How Democrats Beat Arizona’s Extremist Republicans

The date was October 22, 2022, two and a half weeks before the pivotal midterm elections. In northeastern Arizona, a windstorm was kicking up fine particles of sand from the desert ground, filling the air with an unpleasant mustard-colored fog. Out on a few scrubby acres of land north of the remote town of Cameron, at the western edge of the Navajo Nation, a lunch held to honor local Navajo community activists and Democratic Party organizers had almost been upended by the winds. The stakes supporting the canopies that provided shade for the tables had to be held down by guests, and the paper plates and bowls meant for the soups, fry bread, and chilis that had been cooked up in large metal vats atop giant propane burners blew east across the land, bounding over the asphalt of Highway 89 toward the deep-orange rock formations that locals called simply “the Navajo.”

The property belonged to Mae Peshlakai, an elder with a weathered face and a melodic voice in which she speaks both Navajo and English. Her eldest daughter, Jamescita, once served as a state senator for the region. Now Mae herself was a member of the state Assembly, and she was hoping to use the luncheon to gird organizers for the final stretch of an election in which, it was clear, the outcomes of many races would come down to which side could more effectively mobilize turnout.
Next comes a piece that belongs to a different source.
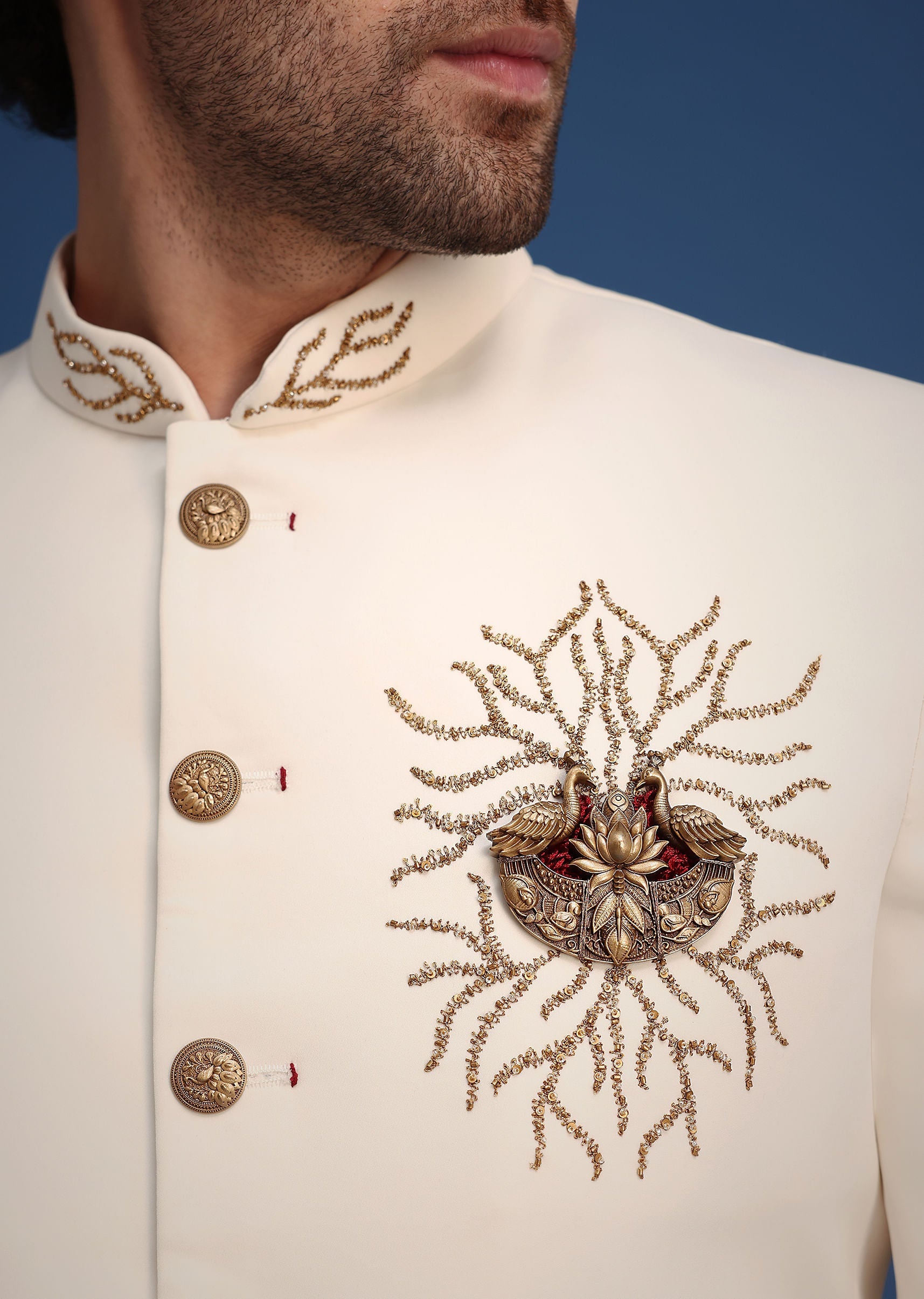 Cream Indowestern Suit With Zari And Metal Work Broach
The attendees were fairly confident that US Senator Mark Kelly would win reelection; the onetime astronaut had a reputation, after all, as an independent voice on Capitol Hill, a sort of Democratic version of John McCain and Jeff Flake before him, and his Donald Trump–backed opponent, Blake Masters, had never taken off in the polls. But they were far less certain about the other big races for statewide office and for the state Legislature (where Republicans were defending two-seat majorities in both houses). Since September and the supposed end of the post-Dobbs Democratic bump, the polls hadn’t been looking good for Democrats in the state.
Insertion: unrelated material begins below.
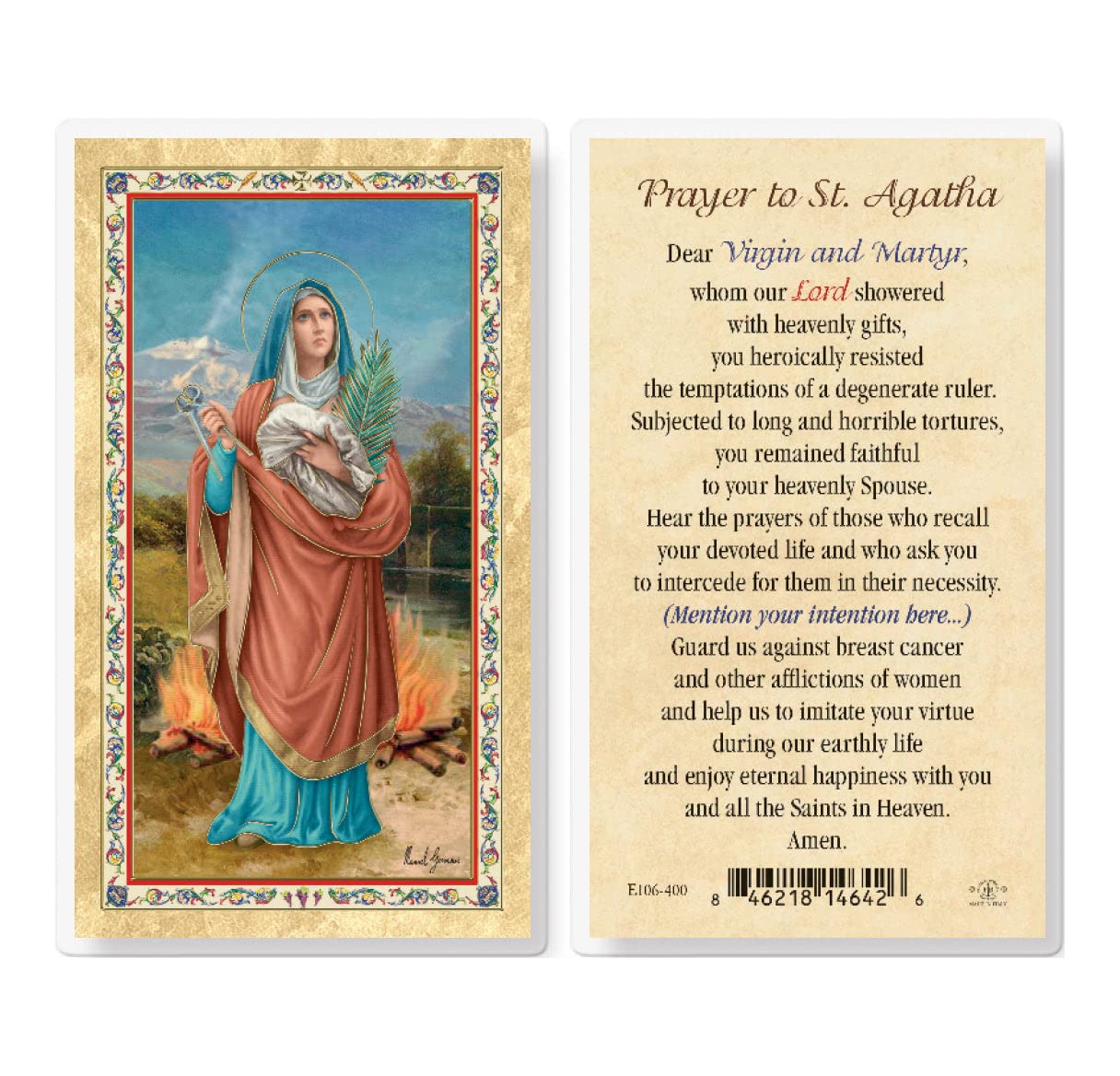 St. Agatha Catholic Prayer Holy Card - Gold-Stamped Laminated Religious Card with Prayer on Back (Pack of 25) - Perfect for First Communion, Confirmation Gifts & Devotional Use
True, in the run-up to the election, polls did show that more than 60 percent of Arizonans agreed that abortion should be kept legal, and independents favored protecting abortion rights by a three-to-one ratio. Pollsters were divided, however, on whether those numbers would translate to electoral success for Democrats in a state that by most measures still trended vaguely red—especially in midterm elections, which, historically, Democrats and young voters don’t turn out for in particularly large numbers. In September, Mike Noble of OH Predictive Insights, one of the state’s most respected polling organizations, surveyed likely voters and found that inflation was a more important issue than abortion for every demographic except Democrats age 55 and older. Around Phoenix, residents could be seen wearing pro-Trump T-shirts reading “I’ll take mean tweets and low gas prices any day.”

“The Dobbs decision breathed life back into the Democratic Party these midterms, followed up by student loan cancellation, DACA renewal, and a few other stuff,” said Sam Almy, a Democratic strategist and data analyst. “That’s energized the crowd here.” Over late spring and summer, Almy had charted a significant increase in the number of women registering to vote. But he wasn’t convinced that would boost voter turnout enough to help the Democrats. “Typically, in midterms, Democrats have a turnout drop-off that’s even more significant than for Republicans,” Almy noted. In the 2014 midterms, turnout was an anemic 47.5 percent. In 2018, it increased to 65 percent. This time around, Almy’s modeling suggested it would be 59 to 62 percent. That meant, he feared, that too many Democratic-leaning voters were planning to sit out the elections.